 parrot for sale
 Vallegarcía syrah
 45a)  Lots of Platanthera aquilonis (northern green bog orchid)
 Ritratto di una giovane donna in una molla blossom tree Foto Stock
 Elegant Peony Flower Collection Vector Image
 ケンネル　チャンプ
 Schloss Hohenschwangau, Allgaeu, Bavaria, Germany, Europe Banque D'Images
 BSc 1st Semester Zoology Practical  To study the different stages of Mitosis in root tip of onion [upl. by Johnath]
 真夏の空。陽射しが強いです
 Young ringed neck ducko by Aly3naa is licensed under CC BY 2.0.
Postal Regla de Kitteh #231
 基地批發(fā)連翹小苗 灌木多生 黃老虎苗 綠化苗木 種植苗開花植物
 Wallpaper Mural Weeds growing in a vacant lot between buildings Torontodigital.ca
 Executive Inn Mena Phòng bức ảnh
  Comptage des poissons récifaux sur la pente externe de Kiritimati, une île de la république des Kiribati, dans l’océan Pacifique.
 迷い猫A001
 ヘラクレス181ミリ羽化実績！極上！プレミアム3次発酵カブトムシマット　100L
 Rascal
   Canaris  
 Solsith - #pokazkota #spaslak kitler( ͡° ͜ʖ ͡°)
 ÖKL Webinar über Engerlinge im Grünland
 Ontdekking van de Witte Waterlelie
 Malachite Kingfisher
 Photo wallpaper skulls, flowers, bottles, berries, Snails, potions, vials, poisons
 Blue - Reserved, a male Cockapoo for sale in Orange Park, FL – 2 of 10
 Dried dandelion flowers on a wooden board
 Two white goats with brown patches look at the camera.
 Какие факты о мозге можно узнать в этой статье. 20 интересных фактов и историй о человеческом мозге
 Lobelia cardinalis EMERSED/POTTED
■ ■ ■ ■
EXERCISE
Please give the number of lines in the listing that include "flowers", with nothing else.

EXERCISE OUTPUT
2